Kita bisa lihat merek-merek global khas Jepang, khususnya di dunia otomotif, misalnya Honda, Nissan, Daihatsu, Toyota, dll tidak saja kini merajai pasar otomotif dunia. Tetapi sekaligus dikenal sebagai ‘merek bersama rakyat Jepang’. Dalam landscape RI, pemerintahan Jokowi juga semestinya lebih fokus dalam agenda tata kelola utang agar utang tidak lagi seperti tradisi rezim sebelumnya, tetapi harus mulai berani mengarahkannya untuk kegiatan produktif yakni utang sebagai investasi langsung. Investasi langsung ialah penanaman
modal yang secara langsung mampu menggerakkan potensi dan peluang investasi, menggerakkan sumber daya untuk menghasilkan modal lebih besar, baik secara kualitatif atau kuantitatif.

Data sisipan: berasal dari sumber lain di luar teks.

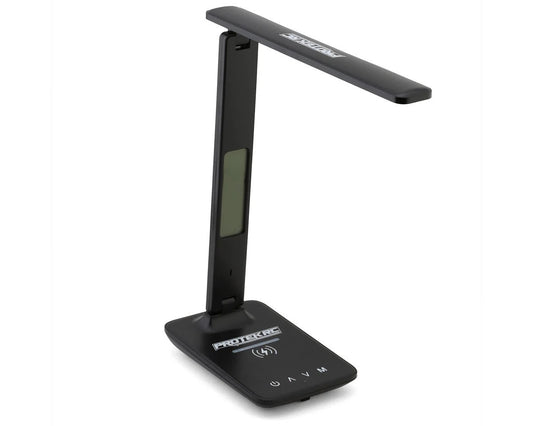 Protek R/C - Multifunction LED Pit Light (w/ Wirelesss Charge, Clock,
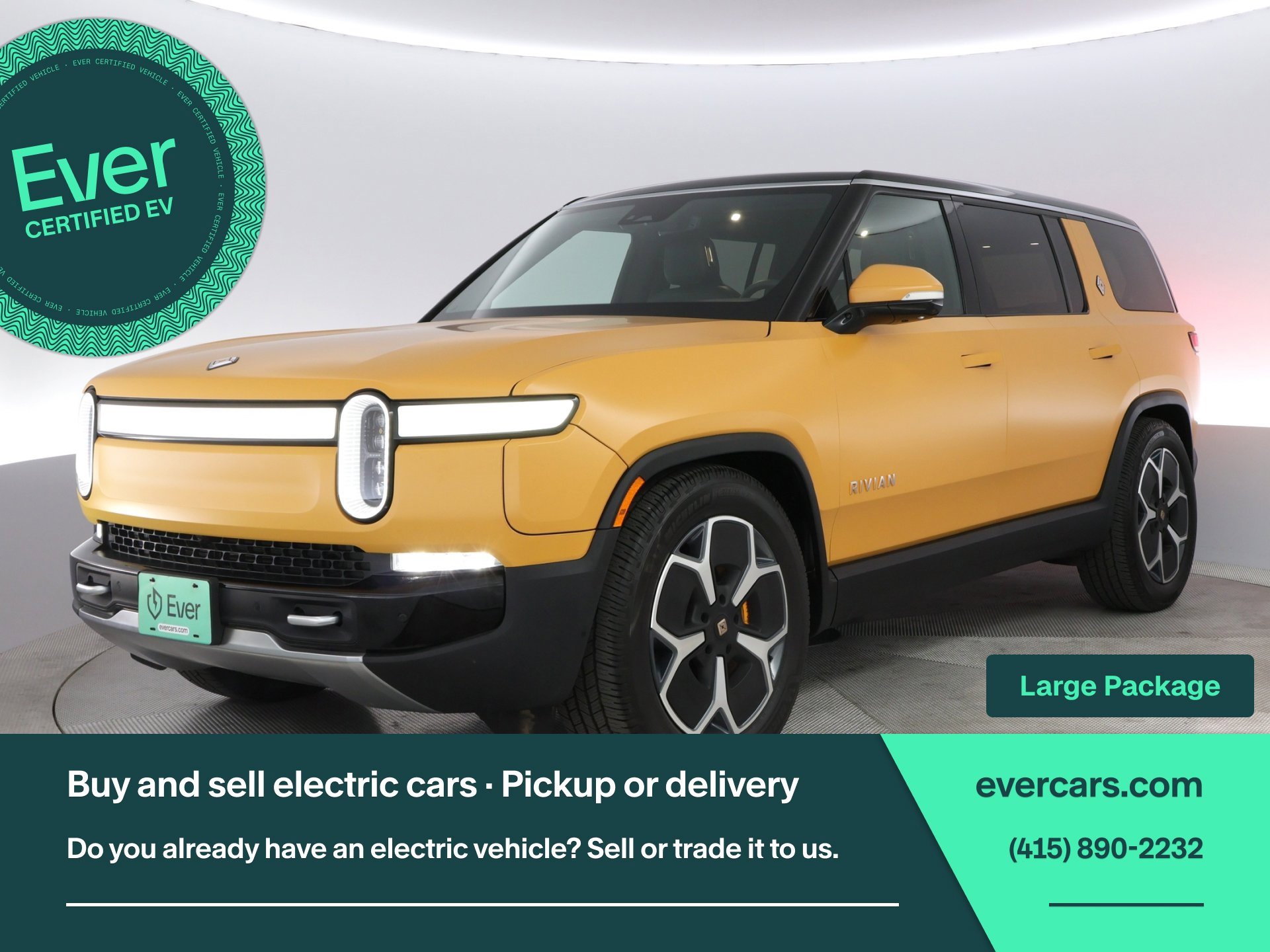 Used 2023 Rivian R1S Adventure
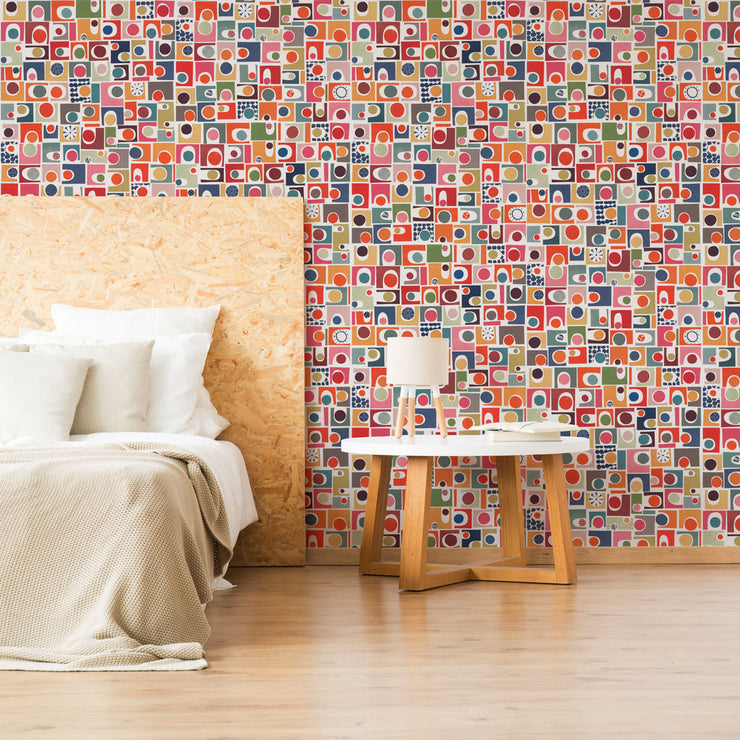 Maze Wallcovering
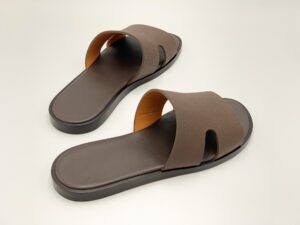 Dép TP nam - màu nâu lót nâu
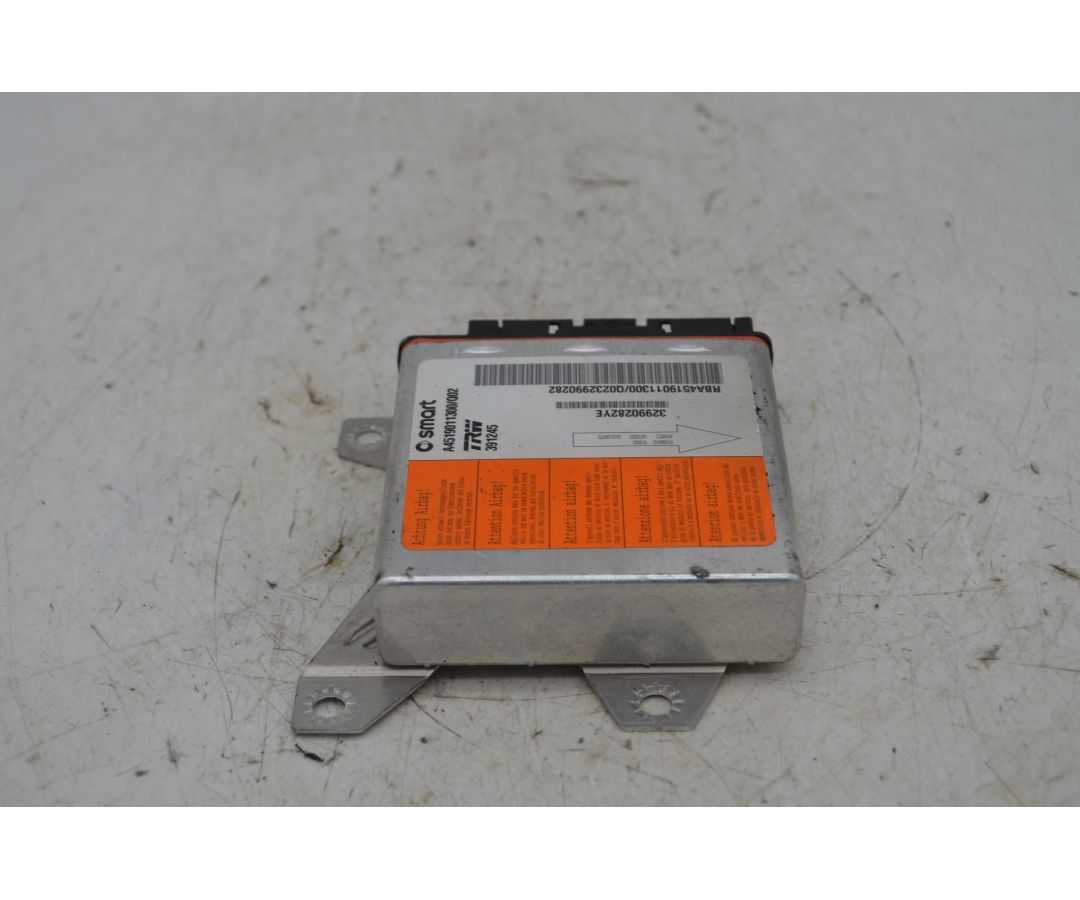 Centralina Airbag Smart ForTwo W451 Dal 2007 al 2015 Cod A4519011300  1770808730544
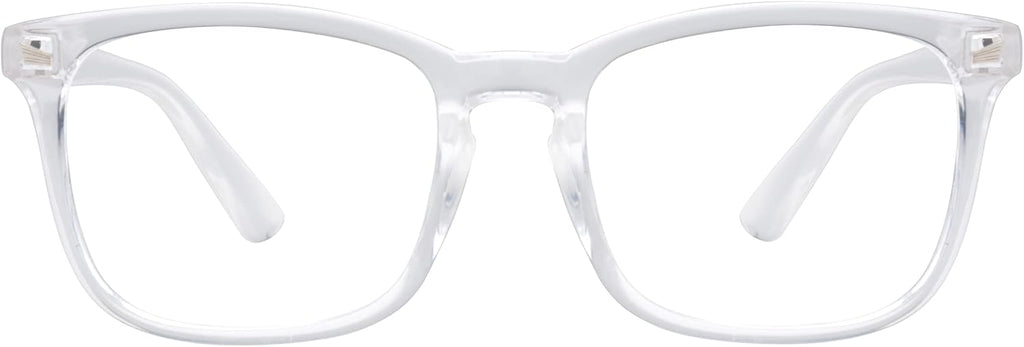 Onrtry Non Prescription Glasses for Men Women Square Clear Lens Eyeglasses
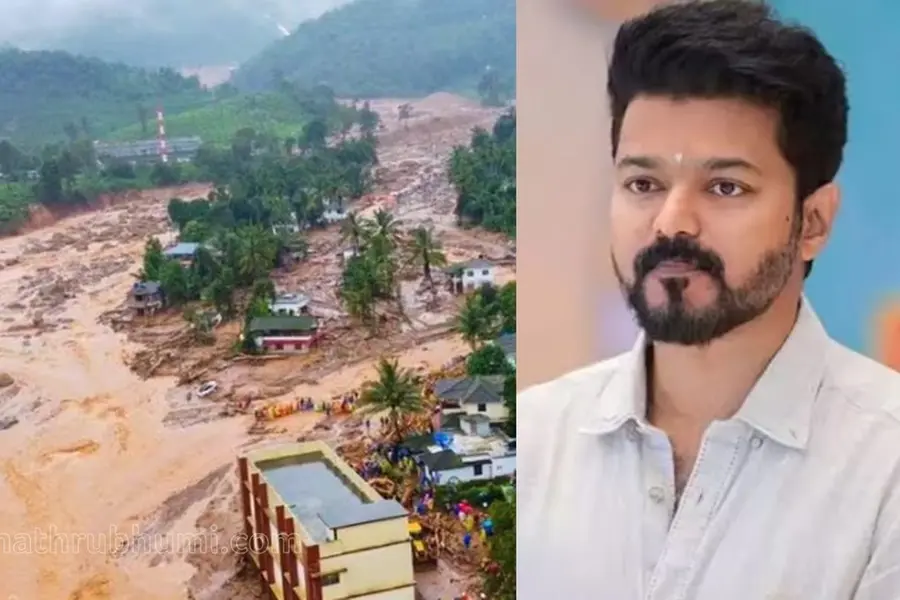 'അഗാധമായ ദുഃഖം, പ്രാർഥനകൾ കുടുംബങ്ങൾക്ക് ഒപ്പം'; അനുശോചനമറിയിച്ച് വിജയ്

Untuk menuju arah itu setidaknya diperlukan komitmen dan konsistensi para pengelola utang di setiap lini birokrasi dan dunia usaha nasional. BKPM (2016) sudah mengelompokkan ragam dan jenis investasi langsung yang dibutuhkan rakyat dan bangsa, di mana ‘modal dasar’ investasi RI adalah industri rumah tangga skala menengah ke bawah (kelas UMKM). Terdapat sekitar 18,9 juta UMKM aktif yang kini berkinerja bagus dengan memproduksi barang-jasa berskala global. Perusahaan-perusahaan kelas UMKM itu kini masih mengalami masalah klasik yakni krisis permodalan dan teknologi. Pada pos itulah, pemerintah selaku regulator tidak hanya wajib menggelar regulasi pro-investasi bagi pengusaha/perusahaan lokal itu, tetapi sekaligus terlibat dalam peningkatan modal dan asistensi penguasaan teknologi pada manajemen perusahaan domestik itu.

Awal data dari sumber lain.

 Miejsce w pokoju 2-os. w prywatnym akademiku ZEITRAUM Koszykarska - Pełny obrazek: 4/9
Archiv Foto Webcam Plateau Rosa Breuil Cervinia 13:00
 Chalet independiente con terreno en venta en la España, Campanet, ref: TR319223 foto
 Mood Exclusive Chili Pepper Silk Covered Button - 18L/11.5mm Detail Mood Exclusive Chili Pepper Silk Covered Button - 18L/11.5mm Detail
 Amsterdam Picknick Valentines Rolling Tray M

Untuk itu, keterlibatan kalangan perguruan tinggi dan ahli teknologi mutlak diperlukan. Riset-riset pengembangan produk, standarisasi global produk lokal hingga pengembangan teknologi bisnis dan investasi sehingga terwujud integrasi agenda utang sebagai investasi. Dengan parameter yang jelas dan outcome utang terukur, utang dapat meningkatkan modal usaha serta membiayai pengembangan sumber daya perusahaan domestik dari hulu hingga hilir. Hanya cara demikian, utang berevolusi menjadi investasi. Dengan potensi dan peluang investasi nasional RI yang menutur Majalah Forbes (edisi 5/6/2017) mencapai Rp19,452,43 triliun dari SDA kita, tidak mustahil menjadi aset besar berpeluang menjadi investasi langsung.

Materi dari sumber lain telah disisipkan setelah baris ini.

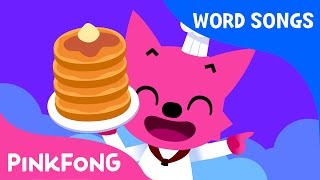 Cook | Word Songs | Word Power | PINKFONG Songs for Children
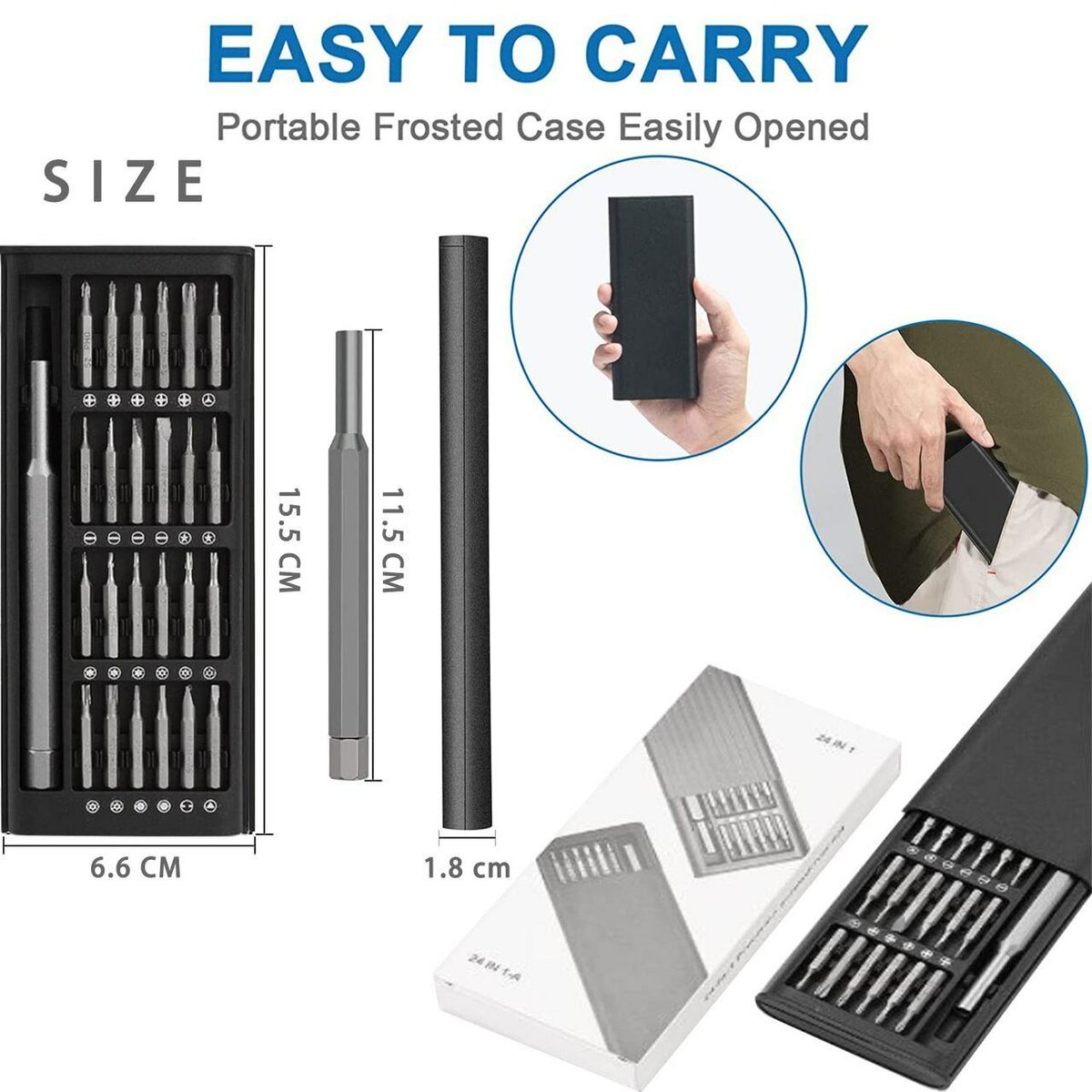 Lot de 2 Kits de tournevis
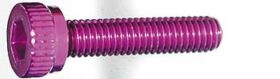 Take Off M3x14mm Zylinderkopfschraube purple (4) / TS305P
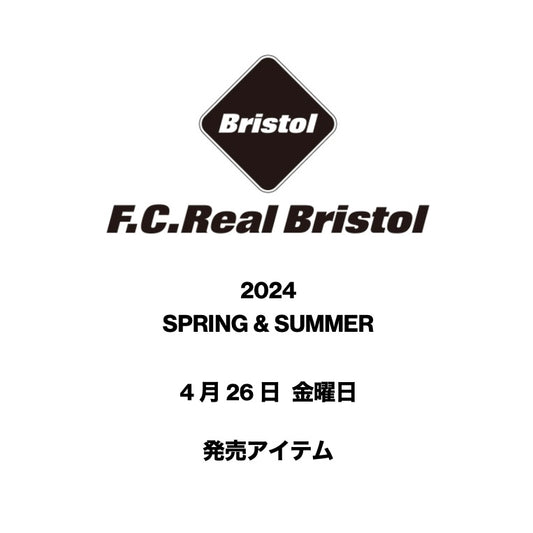 【TAT 1階】   F.C.Real Bristol 4月26日 金曜日 発売開始。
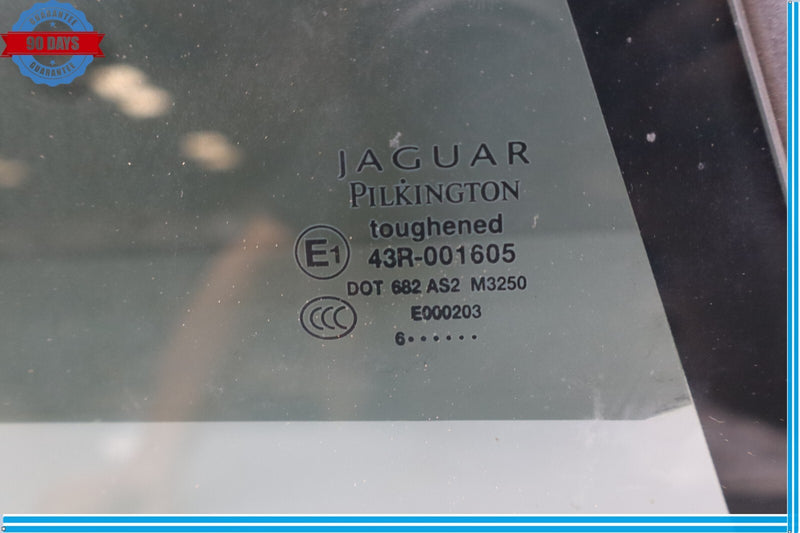 Load image into Gallery viewer, 07-15 Jaguar XKR XK X150 Convertible Rear Right Side Quarter Window Glass Oem
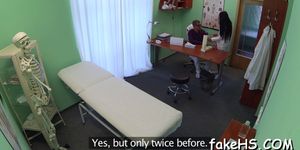 Sexy doctor gets fucked in hospital - video 4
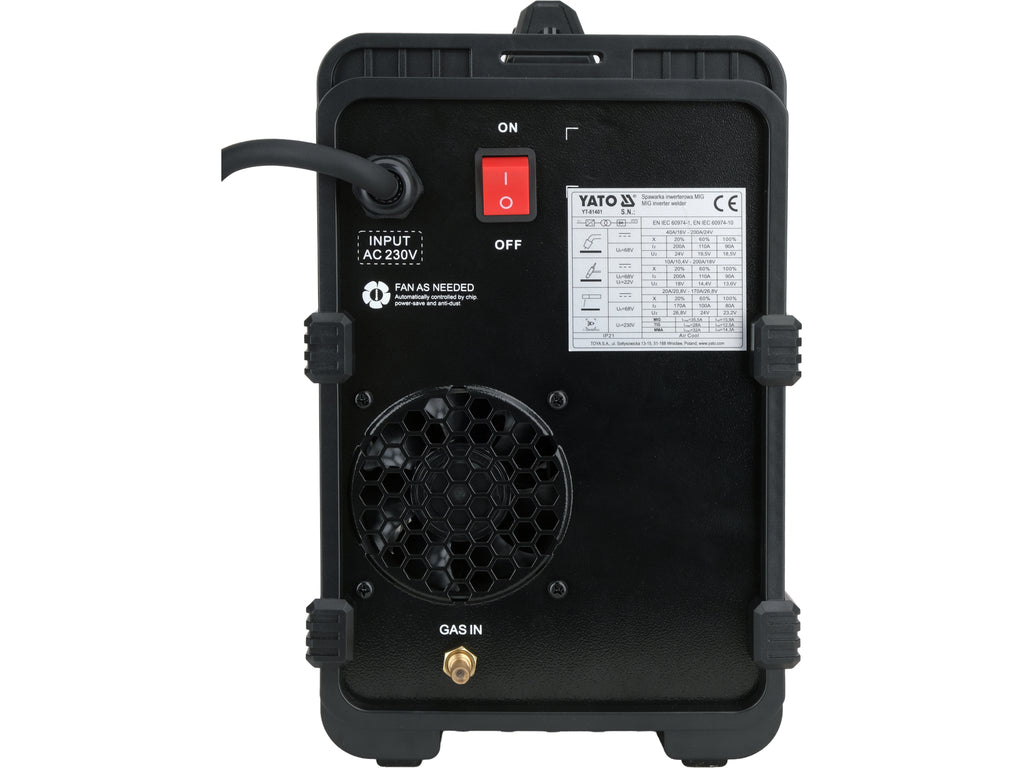 Magmate 205SP Mig Welding Machine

Untuk itulah, agenda deregulasi investasi juga semestinya tidak hanya menyasar pemanfaatan utang kepada swasta/perusahaan nasional, tetapi juga pengendalian penggunaan utang bagi proyek-proyek pemerintah. Jangan sampai proyek-proyek pemerintah dibiarkan boros dan jauh dari produktivitas yang selama ini menyedot alokasi utang itu. Sehingga kembali rakyat dan negara ini tercebur ke lubang utang yang sama setiap rezim berganti. Maka sebelum mengulang kesalahan yang sama, tata kelola utang kini harus berani beralih secara radikal: utang sebagai investasi!